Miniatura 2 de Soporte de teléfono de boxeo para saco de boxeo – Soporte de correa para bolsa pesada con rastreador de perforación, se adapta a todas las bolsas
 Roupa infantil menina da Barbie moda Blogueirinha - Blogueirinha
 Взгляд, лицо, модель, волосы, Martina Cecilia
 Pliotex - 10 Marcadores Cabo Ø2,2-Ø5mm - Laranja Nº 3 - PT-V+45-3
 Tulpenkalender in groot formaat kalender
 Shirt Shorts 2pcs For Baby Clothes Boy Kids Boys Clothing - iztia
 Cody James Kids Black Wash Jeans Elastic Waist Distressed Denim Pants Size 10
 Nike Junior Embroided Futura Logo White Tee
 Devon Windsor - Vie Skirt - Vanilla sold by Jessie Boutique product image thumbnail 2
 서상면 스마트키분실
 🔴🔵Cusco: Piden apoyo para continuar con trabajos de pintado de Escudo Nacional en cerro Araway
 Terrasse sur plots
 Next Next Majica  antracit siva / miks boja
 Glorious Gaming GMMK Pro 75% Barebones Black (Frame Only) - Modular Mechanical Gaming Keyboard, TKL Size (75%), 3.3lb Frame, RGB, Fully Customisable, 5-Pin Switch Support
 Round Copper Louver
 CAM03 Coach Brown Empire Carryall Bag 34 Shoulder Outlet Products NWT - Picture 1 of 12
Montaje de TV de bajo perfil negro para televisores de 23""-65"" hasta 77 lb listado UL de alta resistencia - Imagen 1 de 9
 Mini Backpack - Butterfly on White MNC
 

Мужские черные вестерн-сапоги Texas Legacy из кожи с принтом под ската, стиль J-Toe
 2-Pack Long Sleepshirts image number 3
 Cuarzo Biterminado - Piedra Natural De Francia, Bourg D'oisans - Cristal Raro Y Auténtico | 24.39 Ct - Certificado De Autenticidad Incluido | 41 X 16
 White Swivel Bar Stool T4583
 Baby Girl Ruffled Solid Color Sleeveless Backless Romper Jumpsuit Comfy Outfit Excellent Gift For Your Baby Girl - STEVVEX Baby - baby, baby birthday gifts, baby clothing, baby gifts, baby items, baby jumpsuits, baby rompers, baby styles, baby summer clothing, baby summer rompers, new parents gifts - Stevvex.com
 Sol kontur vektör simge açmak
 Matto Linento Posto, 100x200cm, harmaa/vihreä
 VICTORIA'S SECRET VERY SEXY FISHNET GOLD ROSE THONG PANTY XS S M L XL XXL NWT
____________
ACTIVITY = Using the entries above, extract exactly the span from the line with "Montaje de TV" to the line with "Мужские черные вестерн-сапоги", both lines included; leave out everything else.

YOUR RESPONSE =
Montaje de TV de bajo perfil negro para televisores de 23""-65"" hasta 77 lb listado UL de alta resistencia - Imagen 1 de 9
 Mini Backpack - Butterfly on White MNC
 

Мужские черные вестерн-сапоги Texas Legacy из кожи с принтом под ската, стиль J-Toe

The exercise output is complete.